# What you will do
Everything from the line containing "Blue and White Crystal Bird Fascinator" through the final line of the entries, both included, should be copied exactly and with nothing else; please skip pictures.

# Records supplied
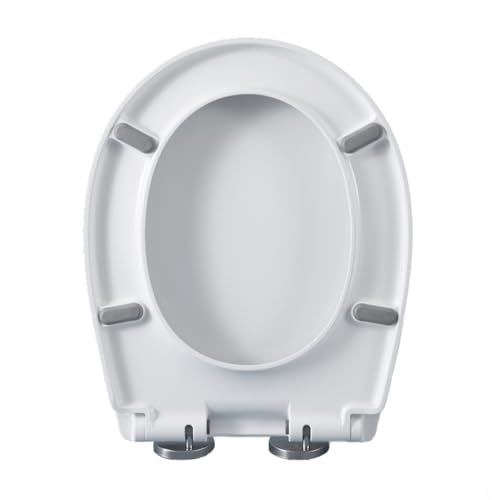 Giural 43x35.5CM,Tapa Y Asiento para Inodoro Oval, Cierre Suave Y Bisagras Ajustable De 360°, Tapa WC De PP, Instalación Fácil con Fijación Superior, Asiento De Inodoro Estándar, Forma De O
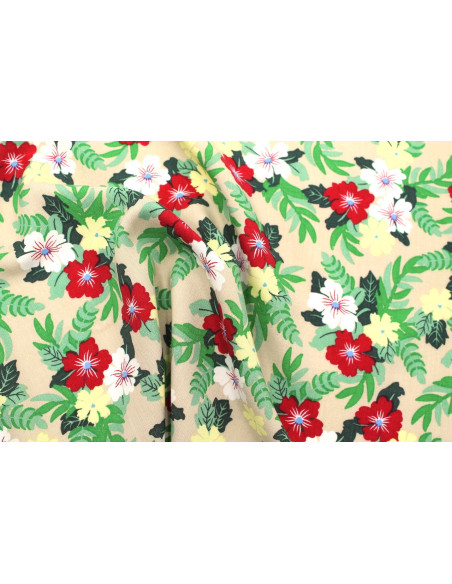Tissu Popeline Viscose Imprimé Fleur Mallow Beige -Au Mètre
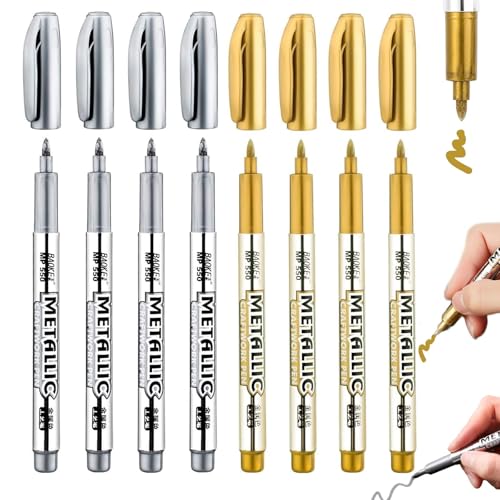 Ruucy 8 Stück Gold Silber Metallic Stifte, 1.5 mm Goldstift Metallic Marker, Goldener Stift Silberstift Acrylstift für Holz, Stein, Gästebuch, Karten, Handwerk, Metall (4 Gold + 4 Silber) von Ruucy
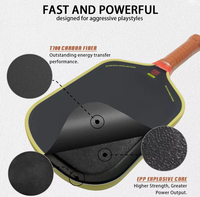 Nouvelle pagaie de pickleball de 5e génération avec noyau en mousse EVA+EPP, épaisseur 16 mm, surface en fibre de carbone Toray, super haute friction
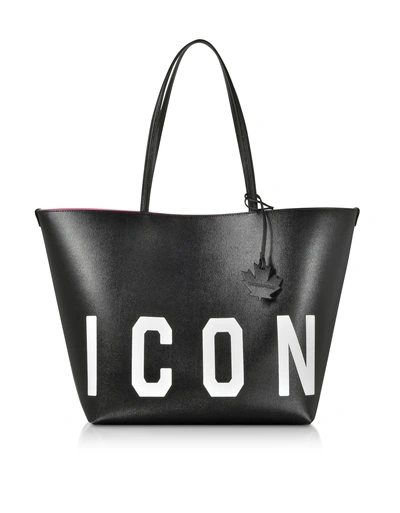 Dsquared2 Saffiano Leather Icon Traveler Tote Bag In Black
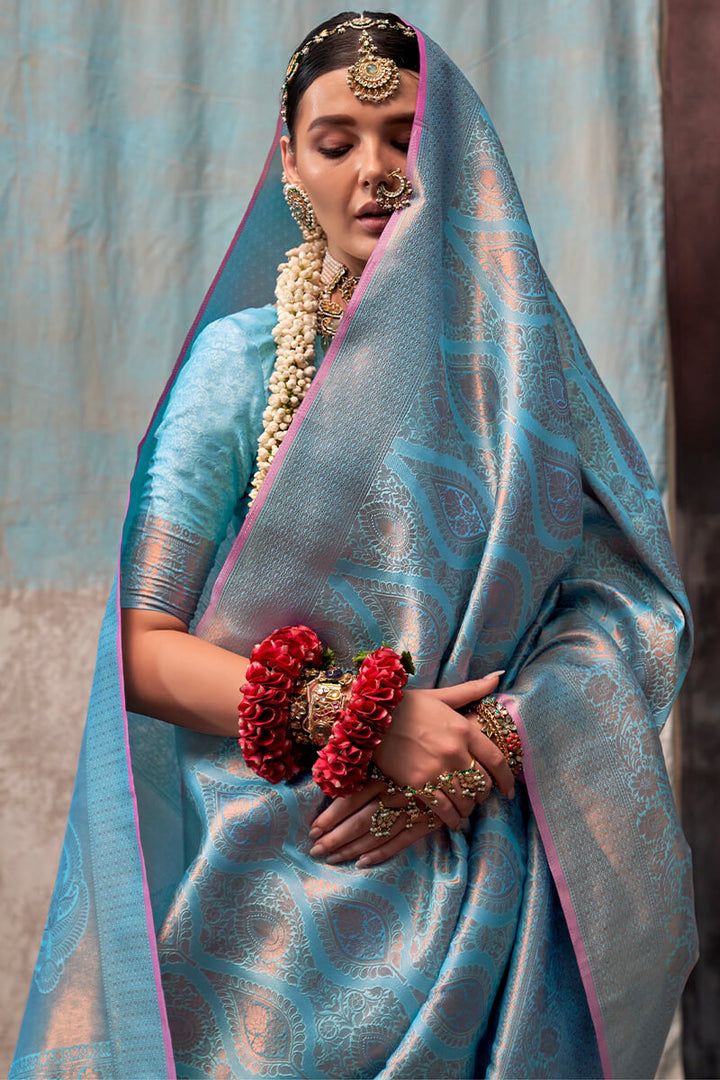 Dusty Blue Kanjivaram Handloom Silk Saree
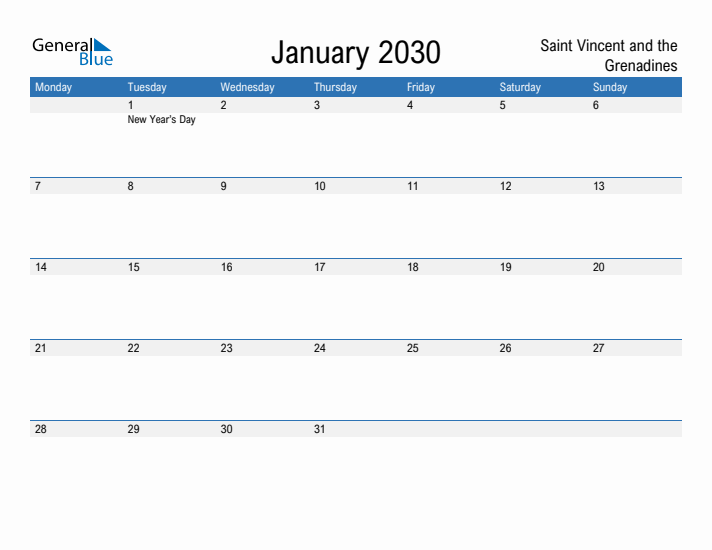 Fillable January 2030 Calendar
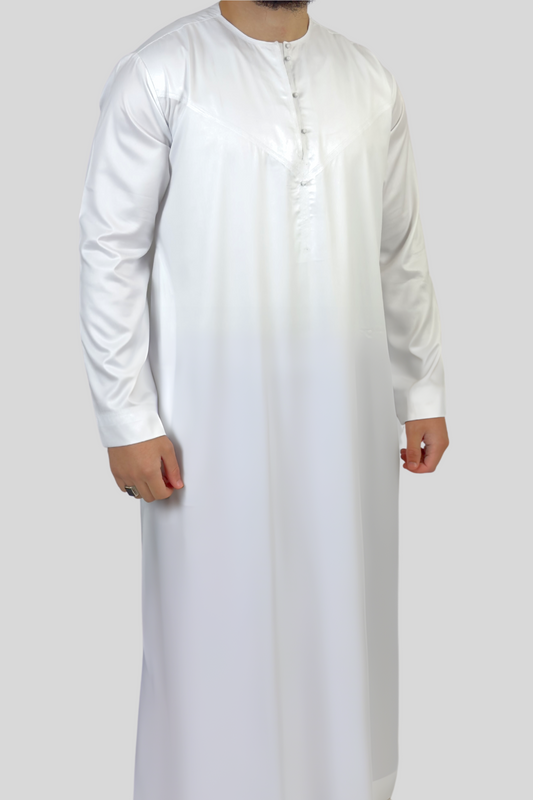 Shiny White Omani Thobe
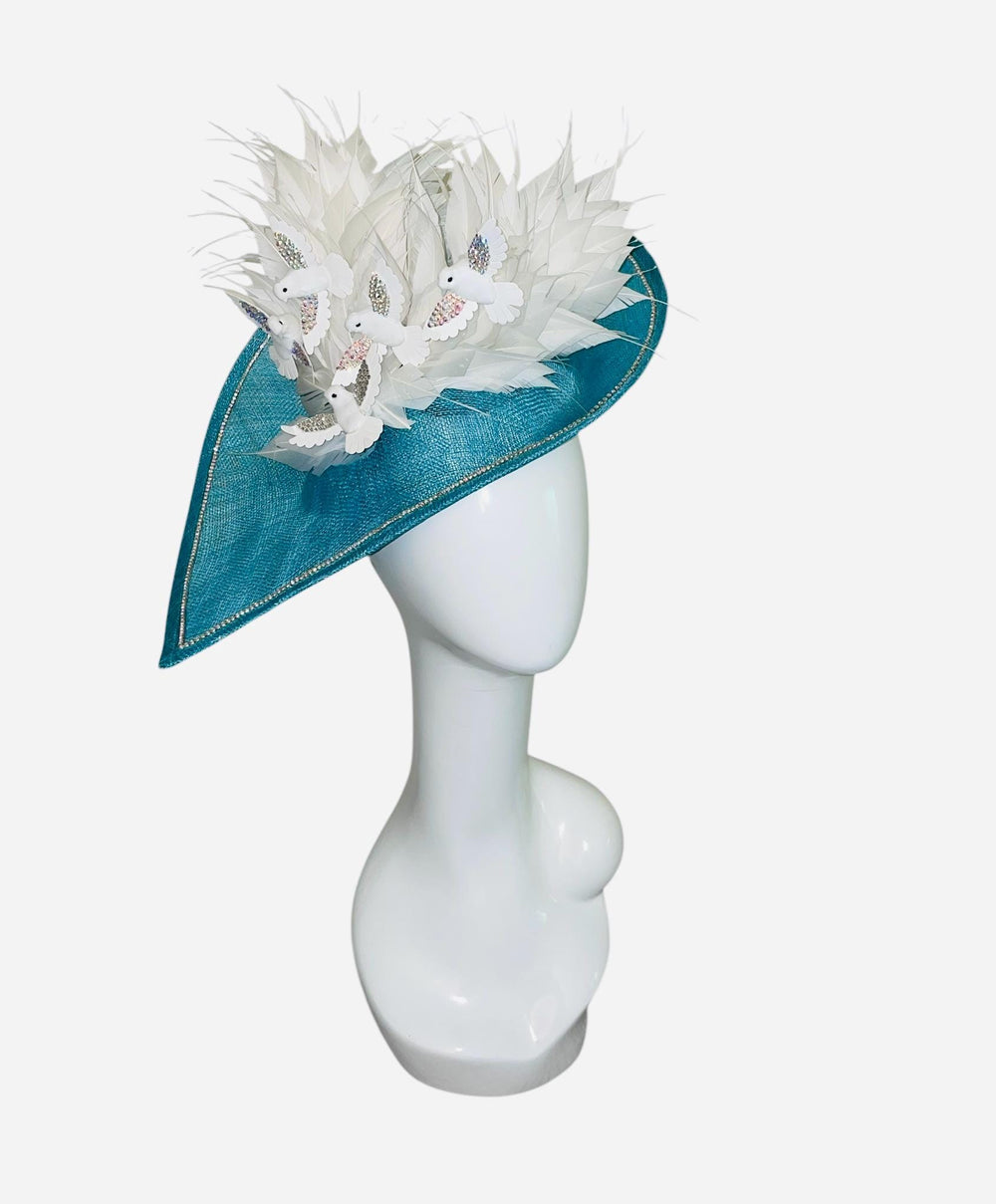 Blue and White Crystal Bird Fascinator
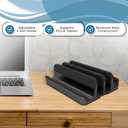 Elestoria 4- Slot Vertical Laptop Stand - Aluminum Laptop Stand Vertical for Desk - Fits MacBook Pro/Air, Surface, Mobiles & Gaming Laptops up to 17.3" - Heavy Duty Laptop Holder for Desk - Black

# Expected output
 Blue and White Crystal Bird Fascinator
 Elestoria 4- Slot Vertical Laptop Stand - Aluminum Laptop Stand Vertical for Desk - Fits MacBook Pro/Air, Surface, Mobiles & Gaming Laptops up to 17.3" - Heavy Duty Laptop Holder for Desk - Black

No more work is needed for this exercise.